ーー監督就任から1年で1部リーグに昇格を果たしましたが、そこまでは順調にいったのでしょうか?

 前期リーグの終盤4試合が勝てなかったんです。そこまでは比較的勝ち点を積み上げていって上位を維持できていたんですけど、前期が11試合ある中で最後の4試合が引き分け、負け、負け、引き分けだったと思うんですが、そこで順位がガクッと落ちてしまって中断期間に入りました。前年の結果もあったので「やっぱりダメなんじゃないか?やっぱり勝てないんじゃないか?」という雰囲気がチーム全体に漂っていたので、6月〜8月は非常に苦しく悩んでいましたね。それでも夏の中断期間にシステム変更を加えたり、昇格の為に一致団結するようなミーティングも行えたので、後期開幕前には絶対昇格出来ると思っていましたし、開幕後は波に乗っていけたのかなと思います。
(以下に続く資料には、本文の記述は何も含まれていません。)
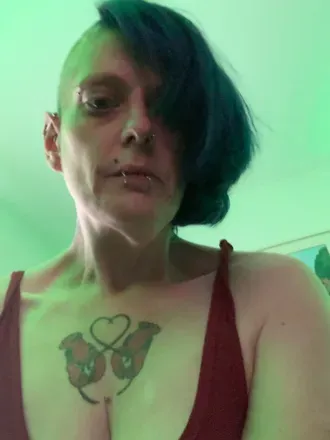 OnlyFans cuenta hippieweirdgyrl avatar 1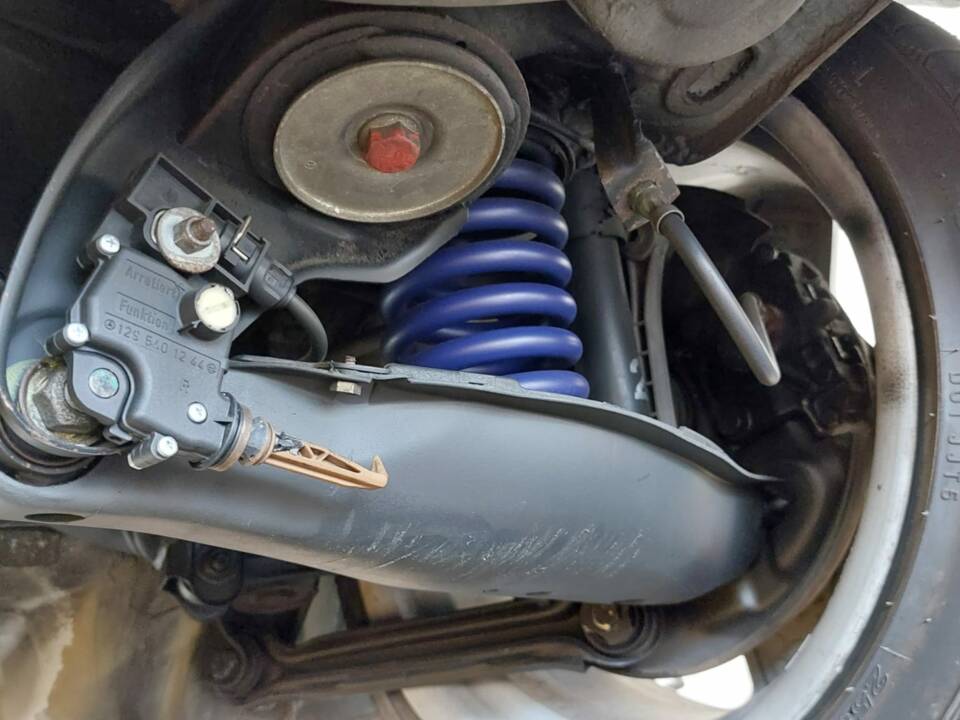 Afbeelding 31/43 van Mercedes-Benz 320 CE (1993)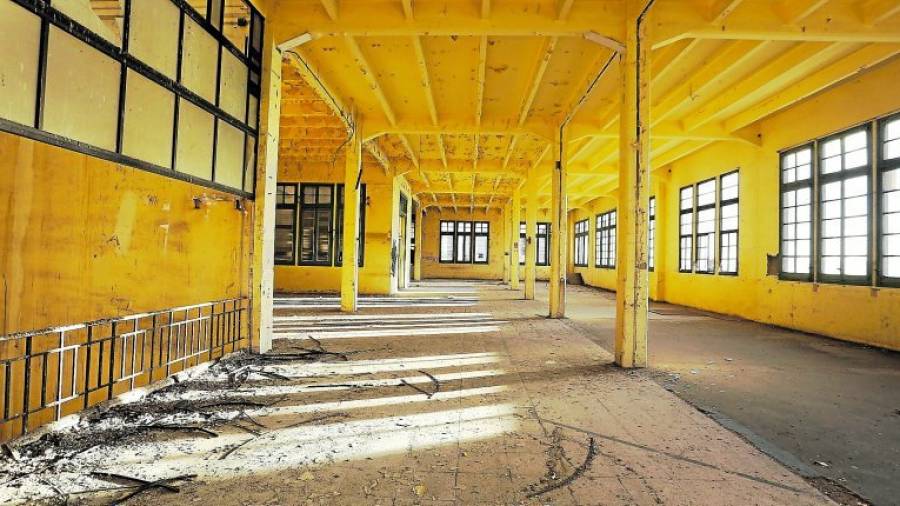 Imagen reciente del aspecto que ofrece en la actualidad el interior de la antigua fábrica de tabacos, vacío desde el año 2007. Foto: Pere Ferré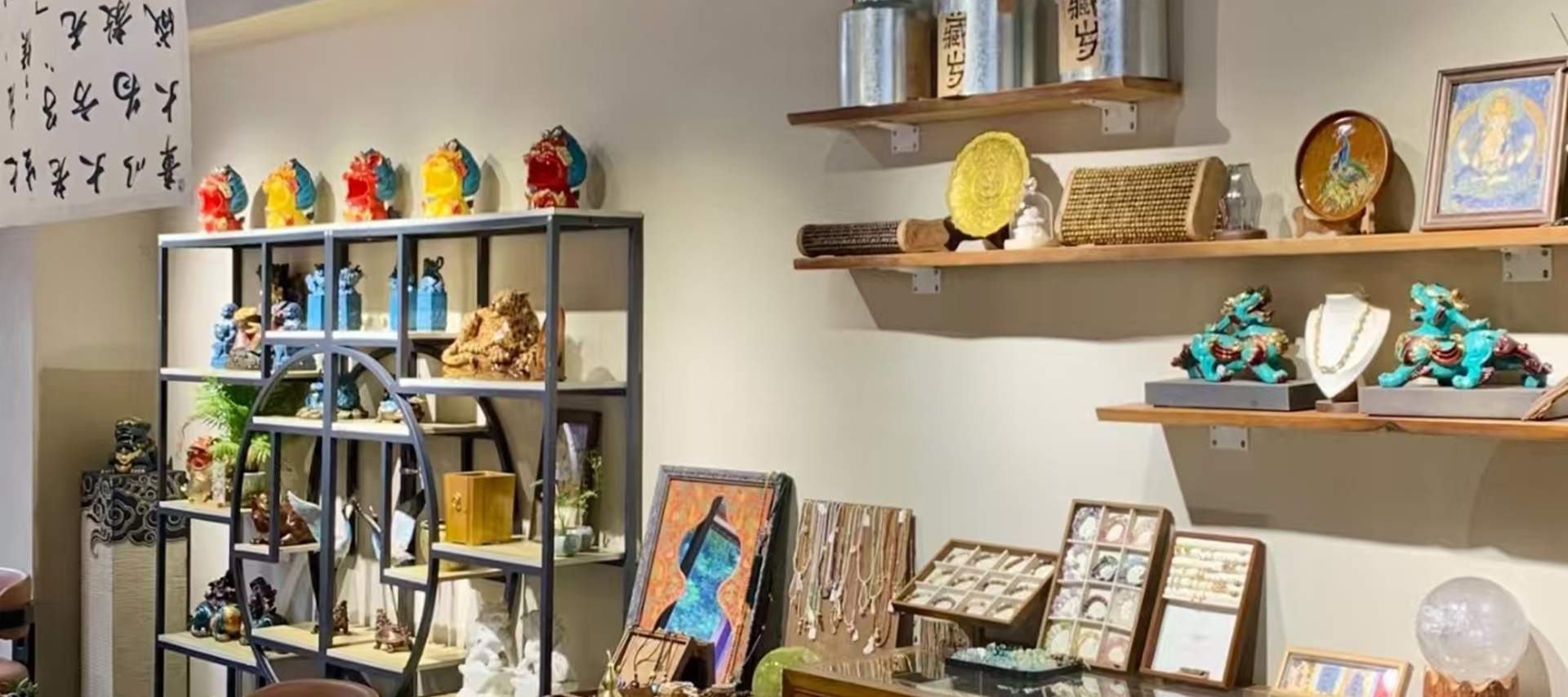 お茶を提供するだけでなく、多様な活動やサービスを通じて、お客様が成都のゆったりとした生活や茶文化を深く体験し、「お茶を通じて友情を深め、お茶を通じて愛情を伝える」ことを実現します。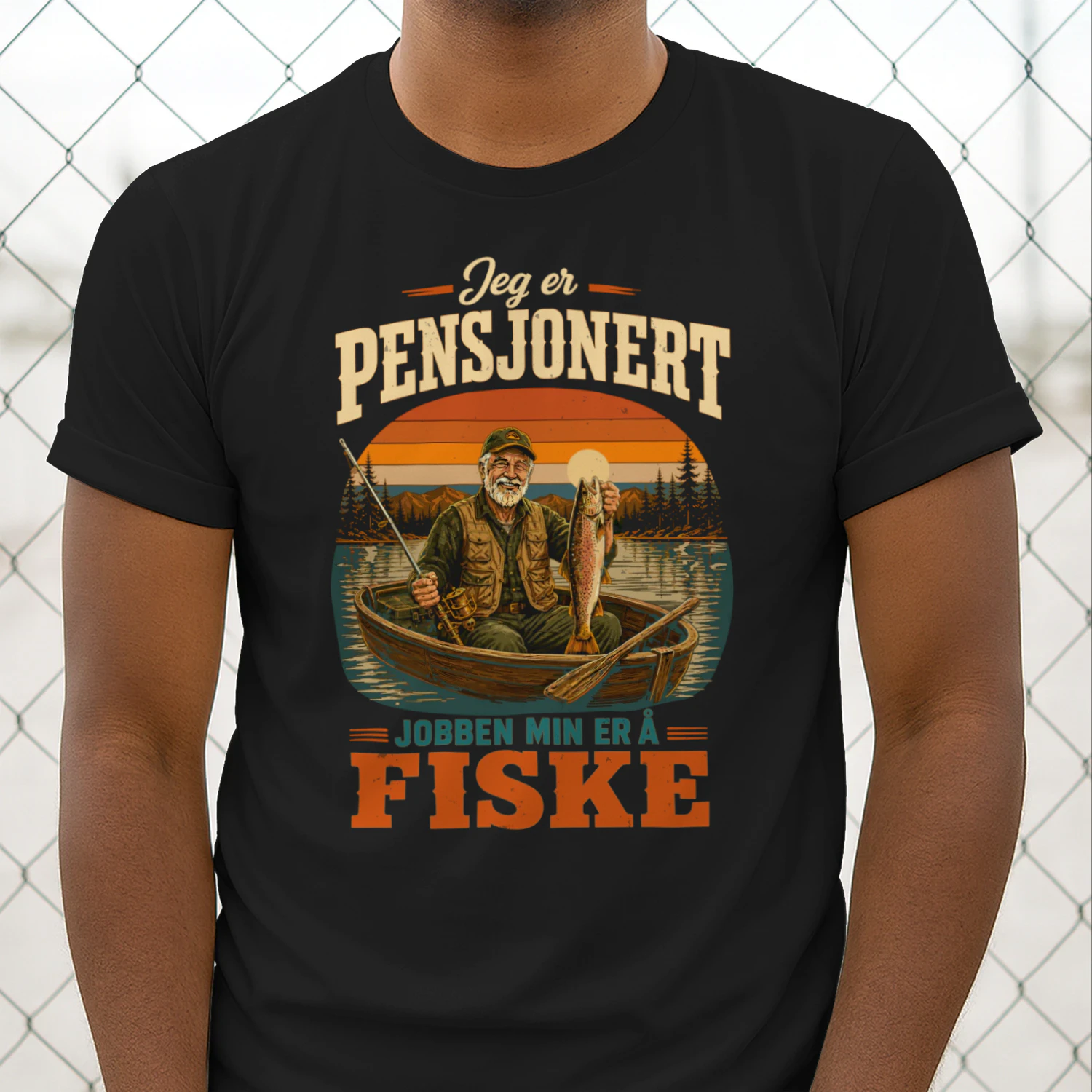 JEG ER PENSJONERT – JOBBEN MIN ER Å FISKE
【第1回】甲南大学 柳川雅樹監督#1「サッカーは楽しいものだし、楽しんでやらないと何事も成果は出ない」

ーー1部に昇格してみて2部とはサッカーが違ったり、どういったあたりに差を感じましたか?

 選手の質は当然1部の方が高いですし、上位校主力の有名選手はスペシャルな能力を備えているので個の能力で言えば2部よりも2倍から3倍ぐらいは上だと思います。ただチームの総合的なところで言えば差はそんなに大きくないかなと思っていました。だから僕は選手たちにも「大丈夫!全然普通にやれるから!」という接し方を常々しています。

 それはJリーグと比べても一緒で、大学生の関東1部や関西1部の選手はJ2やJ3でやっても全然やれると思いますし、もちろんそこには差はありますけど、学生が考えている程の差はありません。沢山の大卒選手が1年目からJリーグで活躍していますし、大学時代からプロを意識して練習に励み「やれるぞ!」というマインドセットが出来た状態でJリーグに行った選手は普通にやれるので、1部では通用しないという選手達の思い込みを取り除いていく事が大事かなと思っていました。なので、昇格するまえから「1部とはそんなに差はないし、普通にやれるよ!」と言い続けていました。

ーー柳川監督からみて、関東と関西の大学サッカーに違いはありますか?

 攻守において前から行こうとする姿勢ですかね。選手の能力にそこまで違いはないと思いますが、関東と比べると関西の方が安定を求める戦い方をするチームが多くゲームテンポが遅くなり、観ている人を惹きつけるようなサッカーが出来ていないのかなと。また関東はチームカラーがはっきりした大学が数多くありますが、関西は似たようなスタイルのチームが多く、試合分析力や戦術的な対応能力が関東の方が養われていくのではないかと思っています。